Karanlığın Kralına Eş
AT_Imagination · Güncelleniyor · 182.4k Kelime
Giriş
Teeland'deki tüm kurt adamların Kralı olan Alfa, onlara karşı savaşmaya karar verdi ama kısa sürede vampirlerin yenilemeyeceğini fark etti. Başka bir seçeneği kalmayınca, onların Kralı ile Teslimiyet Anlaşması imzalamaya karar verdi.
Her şey plana göre gidiyordu, ta ki Zezi kendini Karanlıklar Kralı olan Vampir Kralı ile tehlikeli bir bakışma içinde bulana kadar.
Bölüm 1
"Nihayet birini bulduk!"
"Şşş," dedi Zezi, altı yaşındaki kızını yatağa yatırırken. Mira, kahverengi kıvırcık saçlarıyla güzel ve tombul bir kızdı. Uykusunda hafifçe kıpırdandıktan sonra tekrar huzur içinde gülümsedi. Babası odaya dalıp girdiğinde yüzüne düşen kaş çatıklığını bu gülümseme silip süpürdü.
Zezi de gülümsedi, sonra kapıda hala duran kocasına döndü. Oldukça kaslıydı ve gri üniforması her zamanki gibi biraz dar geliyordu. Yorgun görünüyordu; genellikle iyimserlikle dolu olan kahverengi gözlerinde şimdi hayal kırıklığı vardı.
Odayı geçip onu kucakladı, kollarında rahatladı.
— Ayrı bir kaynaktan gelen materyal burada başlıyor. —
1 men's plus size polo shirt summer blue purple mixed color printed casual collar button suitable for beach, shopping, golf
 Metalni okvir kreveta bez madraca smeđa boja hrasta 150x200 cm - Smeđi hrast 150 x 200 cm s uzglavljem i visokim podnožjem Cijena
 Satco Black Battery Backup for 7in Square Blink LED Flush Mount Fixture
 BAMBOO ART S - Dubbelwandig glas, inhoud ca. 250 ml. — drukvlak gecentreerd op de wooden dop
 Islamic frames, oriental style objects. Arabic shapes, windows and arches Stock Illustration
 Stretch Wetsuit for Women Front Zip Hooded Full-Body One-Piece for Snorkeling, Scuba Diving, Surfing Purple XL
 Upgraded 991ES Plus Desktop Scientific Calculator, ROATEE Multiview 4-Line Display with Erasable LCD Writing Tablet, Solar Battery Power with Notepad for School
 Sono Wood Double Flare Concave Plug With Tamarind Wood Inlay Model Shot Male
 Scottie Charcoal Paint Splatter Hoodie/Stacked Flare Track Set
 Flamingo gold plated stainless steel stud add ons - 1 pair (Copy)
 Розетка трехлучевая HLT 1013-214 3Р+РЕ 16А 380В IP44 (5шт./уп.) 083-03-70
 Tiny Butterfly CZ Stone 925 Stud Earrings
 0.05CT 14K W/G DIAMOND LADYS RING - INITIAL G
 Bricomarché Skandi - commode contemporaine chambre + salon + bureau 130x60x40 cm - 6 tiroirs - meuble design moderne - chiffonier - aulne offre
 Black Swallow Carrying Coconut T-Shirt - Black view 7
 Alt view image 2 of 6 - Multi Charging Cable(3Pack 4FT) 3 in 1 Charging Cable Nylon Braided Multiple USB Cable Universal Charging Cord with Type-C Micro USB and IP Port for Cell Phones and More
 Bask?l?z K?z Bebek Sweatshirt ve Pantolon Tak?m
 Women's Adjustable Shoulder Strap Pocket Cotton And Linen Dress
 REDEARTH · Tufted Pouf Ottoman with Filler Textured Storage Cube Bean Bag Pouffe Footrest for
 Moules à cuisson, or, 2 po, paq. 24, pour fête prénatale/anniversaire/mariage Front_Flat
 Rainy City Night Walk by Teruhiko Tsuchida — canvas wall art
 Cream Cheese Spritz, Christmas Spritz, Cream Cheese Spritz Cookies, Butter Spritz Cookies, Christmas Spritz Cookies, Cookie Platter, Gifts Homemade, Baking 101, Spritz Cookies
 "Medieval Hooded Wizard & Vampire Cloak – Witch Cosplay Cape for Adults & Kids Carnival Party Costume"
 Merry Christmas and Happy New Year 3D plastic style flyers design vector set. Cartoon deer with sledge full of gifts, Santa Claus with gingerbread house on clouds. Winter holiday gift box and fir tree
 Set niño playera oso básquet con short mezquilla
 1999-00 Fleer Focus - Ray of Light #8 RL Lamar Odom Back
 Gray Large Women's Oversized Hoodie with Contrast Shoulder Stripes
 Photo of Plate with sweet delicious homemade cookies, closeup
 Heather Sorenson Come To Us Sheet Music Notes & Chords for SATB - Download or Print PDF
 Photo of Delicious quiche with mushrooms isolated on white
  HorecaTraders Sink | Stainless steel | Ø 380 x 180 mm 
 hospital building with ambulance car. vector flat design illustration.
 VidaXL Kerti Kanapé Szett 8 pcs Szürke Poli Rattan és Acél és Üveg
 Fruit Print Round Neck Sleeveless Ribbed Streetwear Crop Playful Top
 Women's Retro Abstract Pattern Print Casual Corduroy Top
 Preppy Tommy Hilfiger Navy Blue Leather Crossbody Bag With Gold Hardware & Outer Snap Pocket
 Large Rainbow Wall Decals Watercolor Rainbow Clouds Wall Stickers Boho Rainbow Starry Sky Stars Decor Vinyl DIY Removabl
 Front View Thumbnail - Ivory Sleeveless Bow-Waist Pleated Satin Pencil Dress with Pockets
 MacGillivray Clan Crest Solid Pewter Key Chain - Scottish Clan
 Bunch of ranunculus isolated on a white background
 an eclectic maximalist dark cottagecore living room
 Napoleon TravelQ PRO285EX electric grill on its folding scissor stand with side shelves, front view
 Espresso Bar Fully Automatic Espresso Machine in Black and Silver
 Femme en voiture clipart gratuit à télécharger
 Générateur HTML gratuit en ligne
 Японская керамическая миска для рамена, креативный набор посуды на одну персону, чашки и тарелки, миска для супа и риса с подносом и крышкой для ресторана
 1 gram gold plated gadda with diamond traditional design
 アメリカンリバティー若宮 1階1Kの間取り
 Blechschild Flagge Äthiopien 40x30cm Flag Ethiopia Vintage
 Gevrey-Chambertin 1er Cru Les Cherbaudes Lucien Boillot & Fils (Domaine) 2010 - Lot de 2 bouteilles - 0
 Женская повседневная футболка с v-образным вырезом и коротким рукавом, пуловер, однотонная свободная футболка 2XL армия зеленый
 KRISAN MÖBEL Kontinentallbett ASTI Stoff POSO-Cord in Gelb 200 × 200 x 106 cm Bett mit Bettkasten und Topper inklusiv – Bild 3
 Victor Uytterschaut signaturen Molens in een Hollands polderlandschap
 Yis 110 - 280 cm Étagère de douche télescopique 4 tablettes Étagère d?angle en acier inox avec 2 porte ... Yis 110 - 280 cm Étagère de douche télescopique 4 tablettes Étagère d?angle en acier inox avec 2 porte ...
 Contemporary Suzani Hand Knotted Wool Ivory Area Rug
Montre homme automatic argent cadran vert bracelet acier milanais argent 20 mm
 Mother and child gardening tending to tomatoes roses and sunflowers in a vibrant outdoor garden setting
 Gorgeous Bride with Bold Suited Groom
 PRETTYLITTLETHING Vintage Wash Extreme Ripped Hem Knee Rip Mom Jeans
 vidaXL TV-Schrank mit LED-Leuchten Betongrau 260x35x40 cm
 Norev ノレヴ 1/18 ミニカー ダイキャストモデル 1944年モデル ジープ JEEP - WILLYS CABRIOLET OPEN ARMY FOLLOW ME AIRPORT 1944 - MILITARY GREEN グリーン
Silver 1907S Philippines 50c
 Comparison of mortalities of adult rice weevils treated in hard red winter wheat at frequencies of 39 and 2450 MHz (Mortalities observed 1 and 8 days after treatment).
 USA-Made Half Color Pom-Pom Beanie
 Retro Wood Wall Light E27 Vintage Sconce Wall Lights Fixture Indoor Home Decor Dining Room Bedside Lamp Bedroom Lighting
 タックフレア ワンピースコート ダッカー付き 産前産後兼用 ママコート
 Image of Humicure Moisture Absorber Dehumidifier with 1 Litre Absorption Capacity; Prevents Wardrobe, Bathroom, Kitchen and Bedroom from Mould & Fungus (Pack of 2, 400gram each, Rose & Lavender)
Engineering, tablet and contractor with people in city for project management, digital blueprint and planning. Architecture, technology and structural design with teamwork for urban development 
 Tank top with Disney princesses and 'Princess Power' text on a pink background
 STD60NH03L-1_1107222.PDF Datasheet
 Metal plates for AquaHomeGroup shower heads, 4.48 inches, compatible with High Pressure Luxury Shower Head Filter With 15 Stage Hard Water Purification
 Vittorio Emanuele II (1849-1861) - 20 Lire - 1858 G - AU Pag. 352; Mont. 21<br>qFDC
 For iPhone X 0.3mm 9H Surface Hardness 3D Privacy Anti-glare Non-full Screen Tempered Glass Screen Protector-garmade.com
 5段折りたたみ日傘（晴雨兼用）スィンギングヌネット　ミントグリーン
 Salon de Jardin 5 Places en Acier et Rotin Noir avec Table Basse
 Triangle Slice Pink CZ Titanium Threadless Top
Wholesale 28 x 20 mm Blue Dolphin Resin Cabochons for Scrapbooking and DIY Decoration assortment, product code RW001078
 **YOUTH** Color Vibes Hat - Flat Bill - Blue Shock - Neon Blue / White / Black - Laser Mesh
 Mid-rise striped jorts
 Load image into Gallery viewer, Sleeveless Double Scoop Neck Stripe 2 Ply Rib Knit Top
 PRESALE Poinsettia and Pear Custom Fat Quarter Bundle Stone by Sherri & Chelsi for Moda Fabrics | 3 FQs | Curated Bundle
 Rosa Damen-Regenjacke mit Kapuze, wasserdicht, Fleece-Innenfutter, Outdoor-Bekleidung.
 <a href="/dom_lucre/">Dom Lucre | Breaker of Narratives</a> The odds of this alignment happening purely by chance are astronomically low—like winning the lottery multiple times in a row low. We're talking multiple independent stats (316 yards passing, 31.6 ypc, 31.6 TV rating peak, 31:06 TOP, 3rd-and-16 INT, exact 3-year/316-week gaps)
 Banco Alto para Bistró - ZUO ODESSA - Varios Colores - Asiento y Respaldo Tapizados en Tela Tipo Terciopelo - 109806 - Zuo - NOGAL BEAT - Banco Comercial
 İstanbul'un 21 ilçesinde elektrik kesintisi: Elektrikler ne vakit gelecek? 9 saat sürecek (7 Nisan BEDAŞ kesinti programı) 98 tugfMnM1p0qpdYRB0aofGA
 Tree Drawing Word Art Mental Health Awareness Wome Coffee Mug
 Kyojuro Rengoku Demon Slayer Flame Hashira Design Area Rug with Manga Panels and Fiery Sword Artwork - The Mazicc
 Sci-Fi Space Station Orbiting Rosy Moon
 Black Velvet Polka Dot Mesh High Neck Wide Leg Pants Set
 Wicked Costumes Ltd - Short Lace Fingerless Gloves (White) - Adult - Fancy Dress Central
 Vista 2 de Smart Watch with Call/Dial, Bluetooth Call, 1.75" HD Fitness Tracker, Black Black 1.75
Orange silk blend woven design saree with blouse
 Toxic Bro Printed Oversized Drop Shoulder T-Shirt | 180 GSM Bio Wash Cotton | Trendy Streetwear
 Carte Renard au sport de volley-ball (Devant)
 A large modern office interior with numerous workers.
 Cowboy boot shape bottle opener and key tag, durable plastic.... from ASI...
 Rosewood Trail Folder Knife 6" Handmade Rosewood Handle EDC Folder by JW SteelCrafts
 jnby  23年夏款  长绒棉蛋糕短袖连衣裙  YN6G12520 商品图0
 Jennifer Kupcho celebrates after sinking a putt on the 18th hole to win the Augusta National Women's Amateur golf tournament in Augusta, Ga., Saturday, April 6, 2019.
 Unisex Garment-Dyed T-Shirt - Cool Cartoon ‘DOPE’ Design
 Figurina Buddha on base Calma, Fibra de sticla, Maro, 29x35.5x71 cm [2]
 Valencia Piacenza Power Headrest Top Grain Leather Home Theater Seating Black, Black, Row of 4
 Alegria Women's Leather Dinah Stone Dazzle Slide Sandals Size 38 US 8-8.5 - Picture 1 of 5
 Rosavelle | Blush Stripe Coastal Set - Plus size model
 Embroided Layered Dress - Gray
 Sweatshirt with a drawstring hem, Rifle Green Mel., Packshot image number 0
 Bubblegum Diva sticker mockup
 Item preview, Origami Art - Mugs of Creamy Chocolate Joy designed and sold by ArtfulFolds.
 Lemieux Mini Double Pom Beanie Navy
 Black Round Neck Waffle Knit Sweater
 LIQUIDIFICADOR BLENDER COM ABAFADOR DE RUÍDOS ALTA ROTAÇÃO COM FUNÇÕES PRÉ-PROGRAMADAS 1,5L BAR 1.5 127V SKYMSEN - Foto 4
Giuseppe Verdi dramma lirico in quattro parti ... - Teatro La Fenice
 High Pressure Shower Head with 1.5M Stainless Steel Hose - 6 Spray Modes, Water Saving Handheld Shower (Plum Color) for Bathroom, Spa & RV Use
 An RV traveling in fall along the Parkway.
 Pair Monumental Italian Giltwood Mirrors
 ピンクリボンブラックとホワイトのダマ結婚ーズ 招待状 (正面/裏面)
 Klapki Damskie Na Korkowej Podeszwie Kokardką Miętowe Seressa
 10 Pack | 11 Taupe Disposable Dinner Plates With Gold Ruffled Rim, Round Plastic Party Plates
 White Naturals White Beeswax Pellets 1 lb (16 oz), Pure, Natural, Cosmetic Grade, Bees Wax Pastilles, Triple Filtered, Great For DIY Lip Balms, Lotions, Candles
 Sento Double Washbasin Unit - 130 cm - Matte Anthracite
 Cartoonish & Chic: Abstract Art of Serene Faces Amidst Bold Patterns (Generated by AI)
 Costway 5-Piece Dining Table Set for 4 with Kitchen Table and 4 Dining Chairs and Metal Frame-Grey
"Nihayet bir ceset bulduk."
"Gerçekten mi?" Yüzünü görebilmek için geri çekildi.
Bu harika bir haberdi!
Bir süredir, Teeland'deki farklı sürülerden kurt adamlar gizemli bir şekilde ortadan kayboluyordu. Sürülerin alfaları bunun kontrolden çıktığını fark ettiklerinde, Teeland'deki tüm kurt adamların Kralı olan Alpha Gery'ye geldiler. O da savaşçılarını bu farklı sürülere göndererek bilinmeyen düşmanı bulup öldürmelerini istedi. Ama işler planlandığı gibi gitmedi çünkü kısa süre sonra düşman Başkente saldırdı ve şu ana kadar kaybediyorlardı.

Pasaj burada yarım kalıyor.